Commentary

Save our savings

Chris Farrell Feb 24, 2012

Tess Vigeland: Well, given the way gas prices are moving, this may sound like an unfair question, but did you save any money this week? It is still America Saves Week, after all! We’ll forgive you if you blinked and missed it — there weren’t many signs. The thing is, unless you have a retirement account at work you’re largely on your own when it comes to savings.

Commentator Chris Farrell says it’s unfortunately that the savings bond is being slowly dismantled, giving us even less incentive to put money away.


Chris Farrell: My mom bought her first savings bond as a young mother in the early ’50s. She bought it right from the Treasury building in Washington D.C. I got my first savings bond when I was still in short pants. My parents bought it on a military base in the early ’60s.

Savings bonds are among one of the great brand names in American finance. Yet the government is shrinking the program. The annual amount an individual can buy has plunged. In 2007, it was $120,000. Today, it’s just $20,000. It’s getting more difficult to buy bonds, too.

Starting this year you can no longer take your kids to the bank or credit union and buy a paper savings bond. You can only buy them online.

Why are we dismantling one of the most successful savings programs this country has ever seen? If we’re serious about saving, we should expandthe program. People should be able to buy savings bonds everywhere, from the Treasury building to a bank, to a grocery store.
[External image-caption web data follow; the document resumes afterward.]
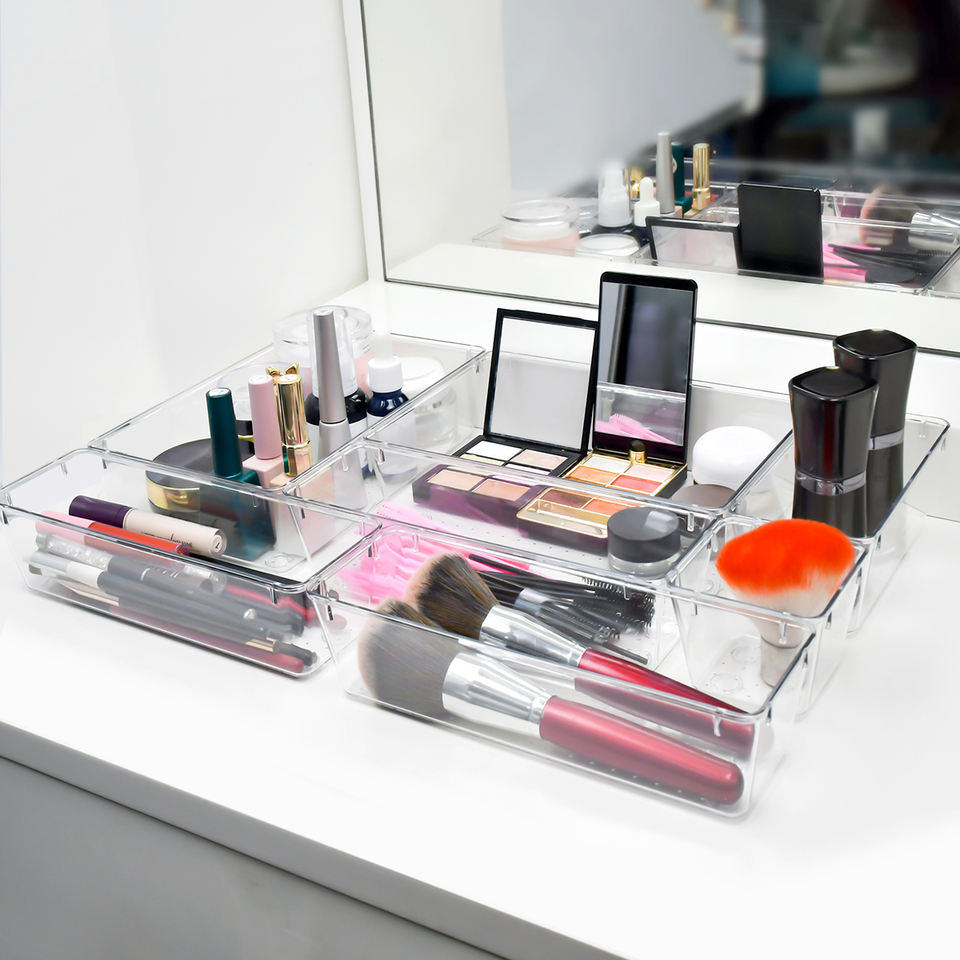 Modern Rectangular Plastic Organizer Set with 25/37 Drawers for Cosmetics, Kitchen, and Office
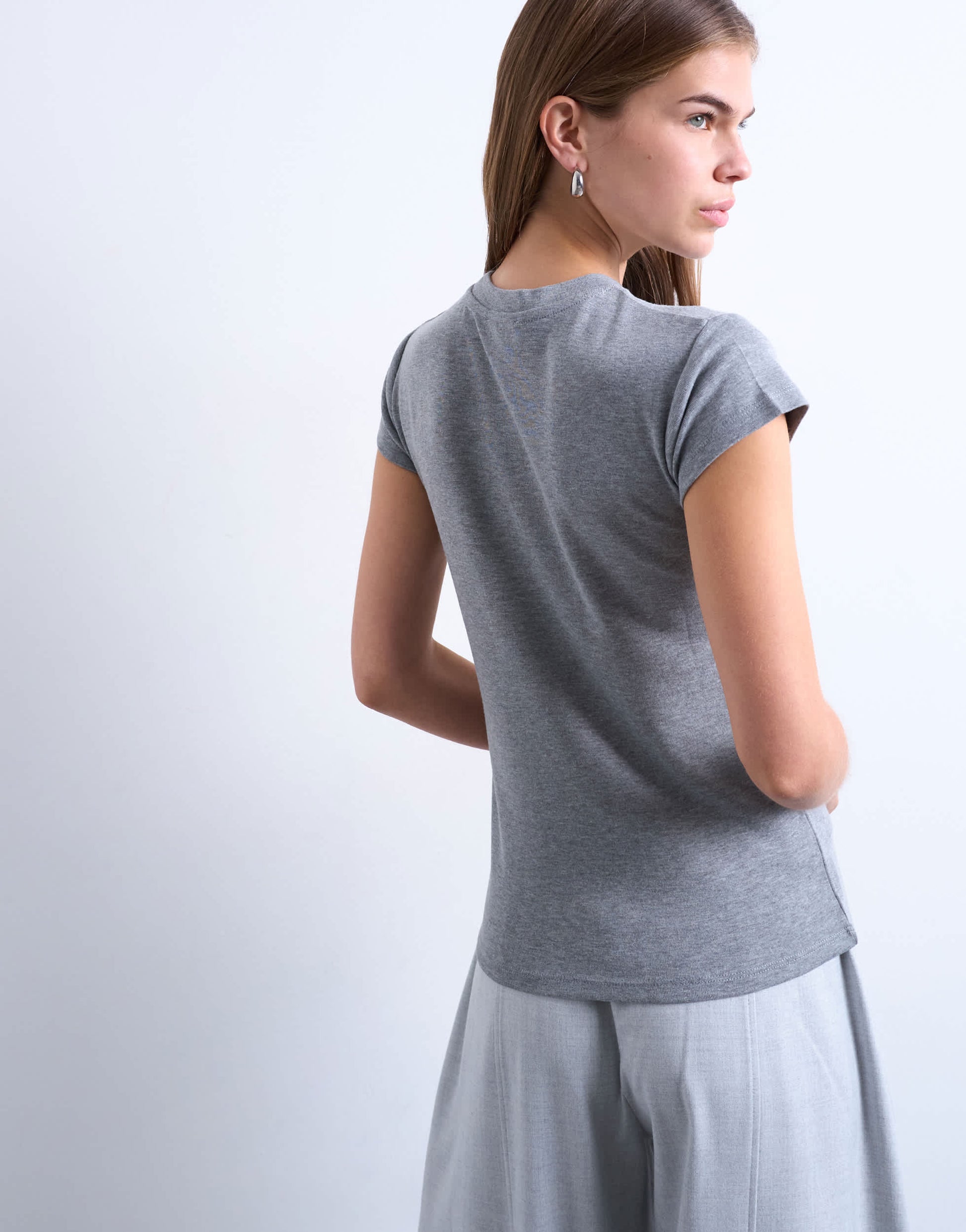 Topshop everyday tee in mid grey
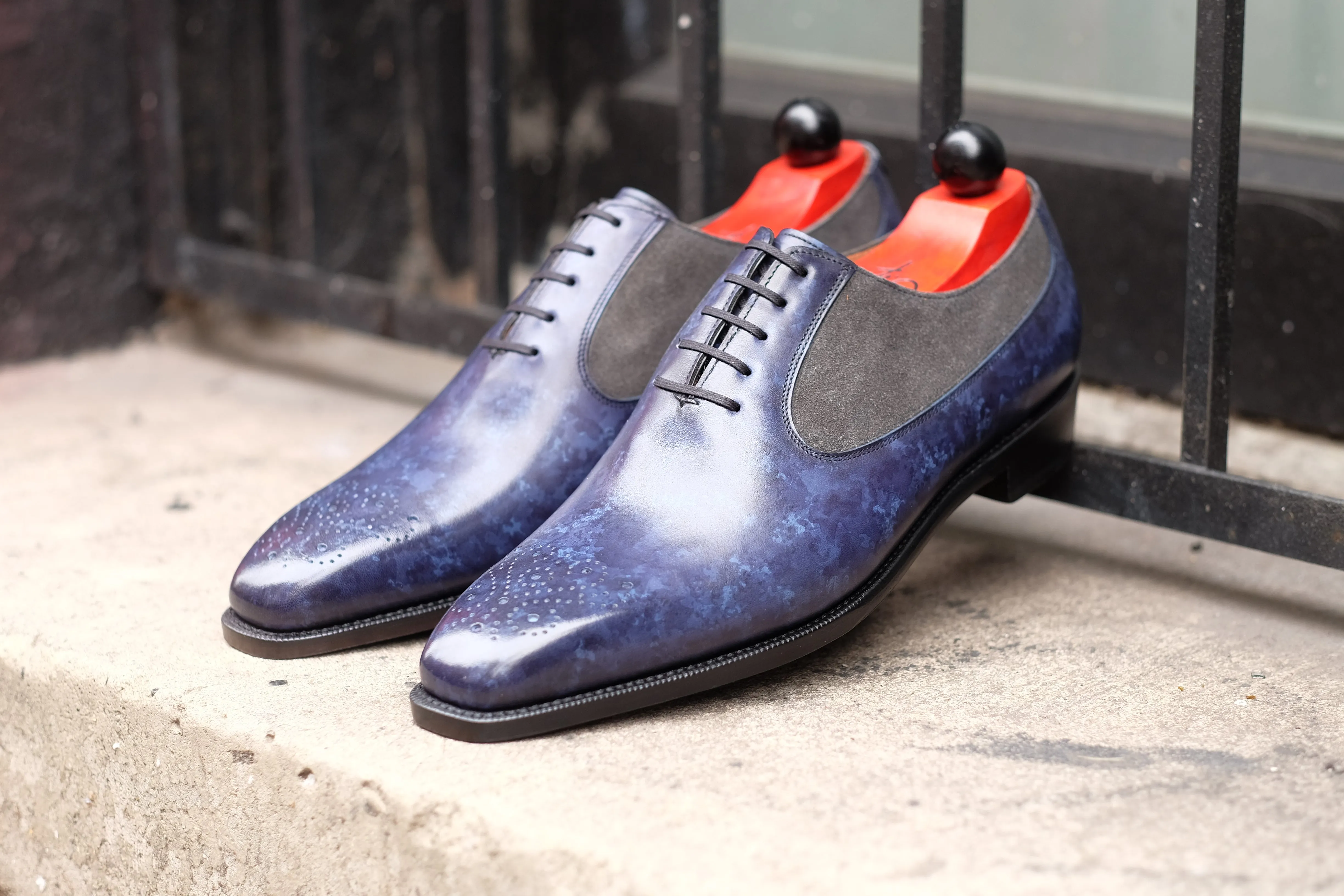 Tacoma - MTO - Navy Marble Patina/Mid Grey Suede - LPB Last - Single Leather Sole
Why stop there?

We could emulate the best small saver practices from abroad. Why not turn the postal service into a small savers bank, the kind they have in Germany and Japan? Why not put banks and credit unions in K-12 schools? And why not make the most of mobile technology? Those of us with smartphones should be able to put money into savings when ordering a coffee and bagel in the morning and at the drive-thru with our hamburger and fries in the evening.

Oh yeah, and we should stop favoring borrowing over saving. We do it in the tax code and we do it in our legislation. Policymakers have consistently made it easier to borrow (think payday lenders) and gamble (think state lotteries).

Even the legislation in the aftermath of the global credit crunch isn’t much help — from the Credit Card Accountability, Responsibility, and Disclosure Act to the Consumer Financial Protection Bureau. They all boost sound borrowing and leave sound savings in the dust.

It’s great that we have America Saves Week — but the message that we should be socking money away is pointless without a commitment by government to create and sustain the institutions that will actually help us save.


Vigeland: Chris Farrell is the economics editor for Marketplace.